- TASK PROMPT
Only those lines in the data below from the line containing "IMG1165A.jpg" through the line containing "Osprey, Narrow River", both included, should be restated word for word.

- TASK INPUTS
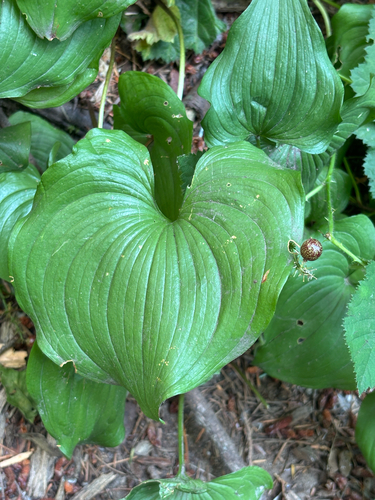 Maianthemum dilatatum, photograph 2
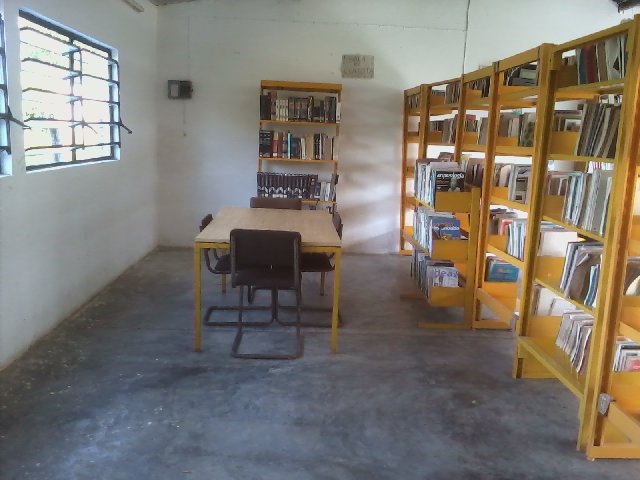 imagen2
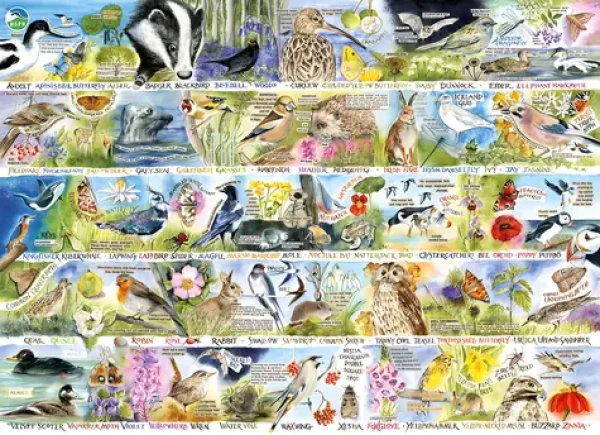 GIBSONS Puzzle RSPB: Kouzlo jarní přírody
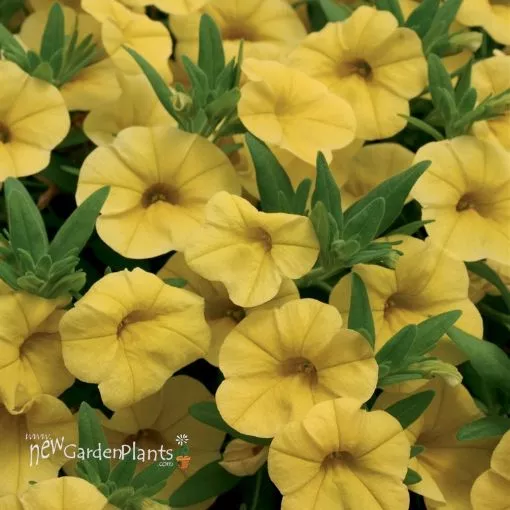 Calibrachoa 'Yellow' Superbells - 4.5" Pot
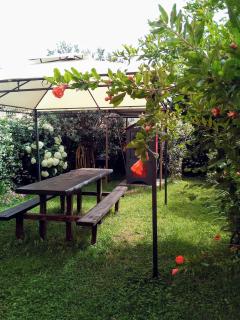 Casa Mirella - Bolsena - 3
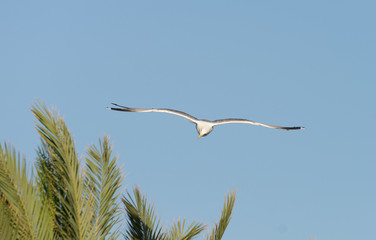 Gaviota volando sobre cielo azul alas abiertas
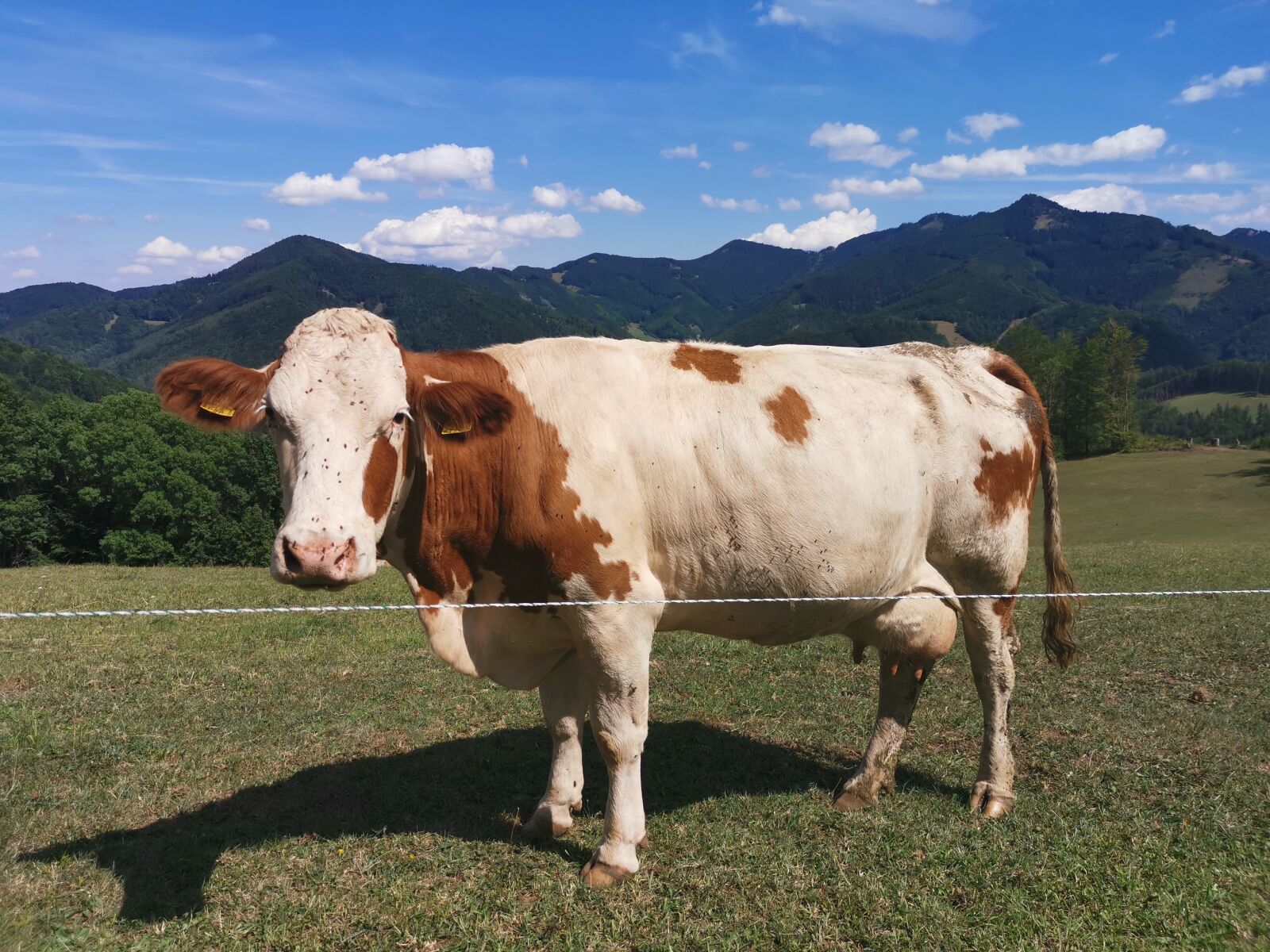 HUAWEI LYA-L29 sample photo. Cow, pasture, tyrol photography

==

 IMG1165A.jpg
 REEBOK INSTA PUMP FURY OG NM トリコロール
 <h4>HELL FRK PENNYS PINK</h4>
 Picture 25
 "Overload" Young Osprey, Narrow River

==

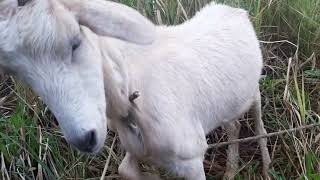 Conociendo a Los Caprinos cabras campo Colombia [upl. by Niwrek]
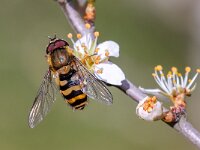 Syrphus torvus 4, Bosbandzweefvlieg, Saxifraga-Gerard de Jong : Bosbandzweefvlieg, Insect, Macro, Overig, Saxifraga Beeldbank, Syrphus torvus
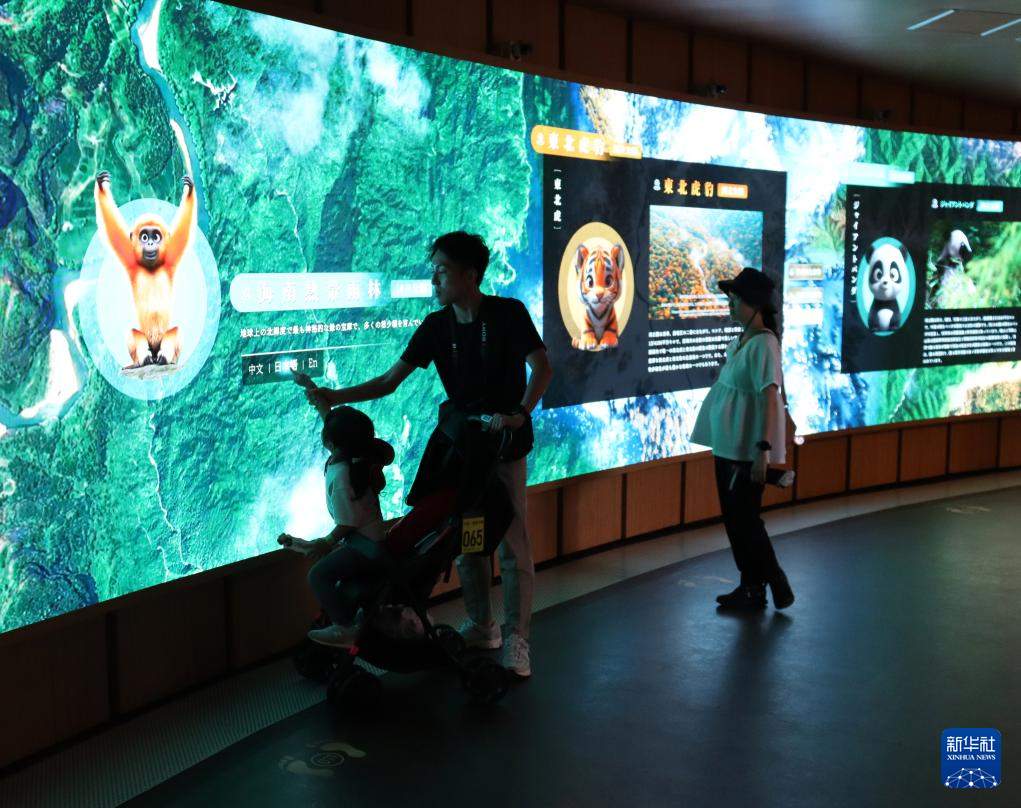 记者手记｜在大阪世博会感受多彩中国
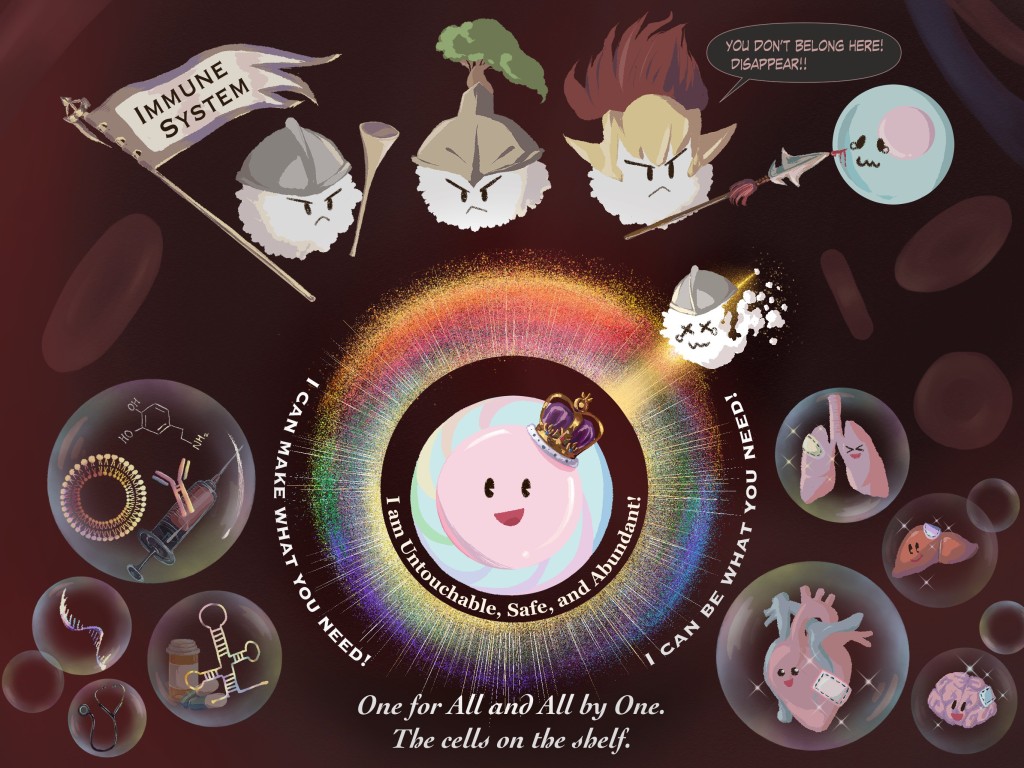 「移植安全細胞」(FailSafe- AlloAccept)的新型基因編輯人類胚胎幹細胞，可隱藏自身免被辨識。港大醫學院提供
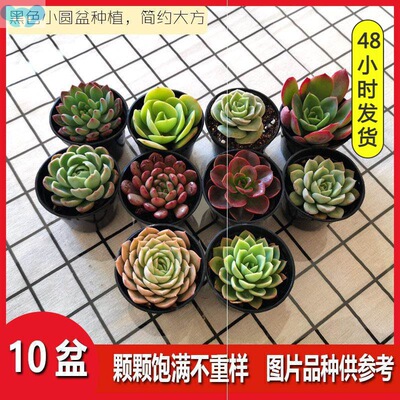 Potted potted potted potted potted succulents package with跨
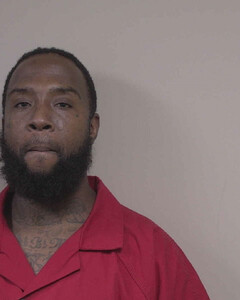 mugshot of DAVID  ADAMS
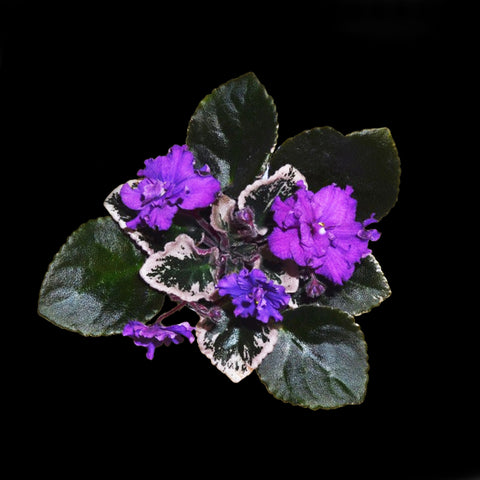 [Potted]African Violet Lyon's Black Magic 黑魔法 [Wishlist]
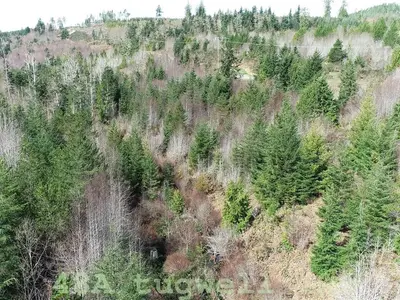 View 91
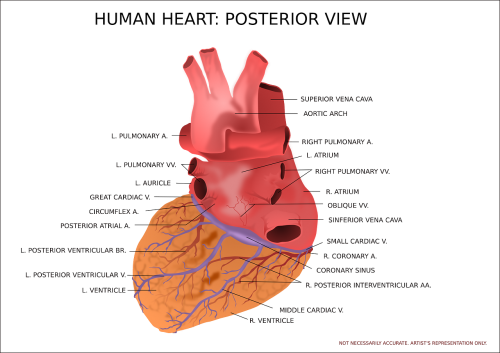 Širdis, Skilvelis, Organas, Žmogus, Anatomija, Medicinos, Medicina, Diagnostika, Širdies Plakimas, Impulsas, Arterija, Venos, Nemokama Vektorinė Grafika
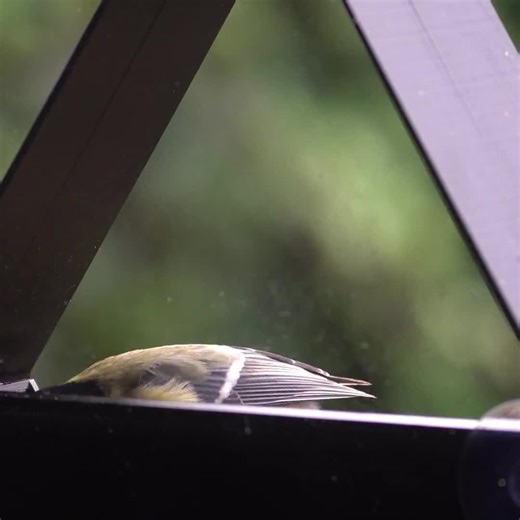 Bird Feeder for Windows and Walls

- WRITTEN ANSWER
 IMG1165A.jpg
 REEBOK INSTA PUMP FURY OG NM トリコロール
 <h4>HELL FRK PENNYS PINK</h4>
 Picture 25
 "Overload" Young Osprey, Narrow River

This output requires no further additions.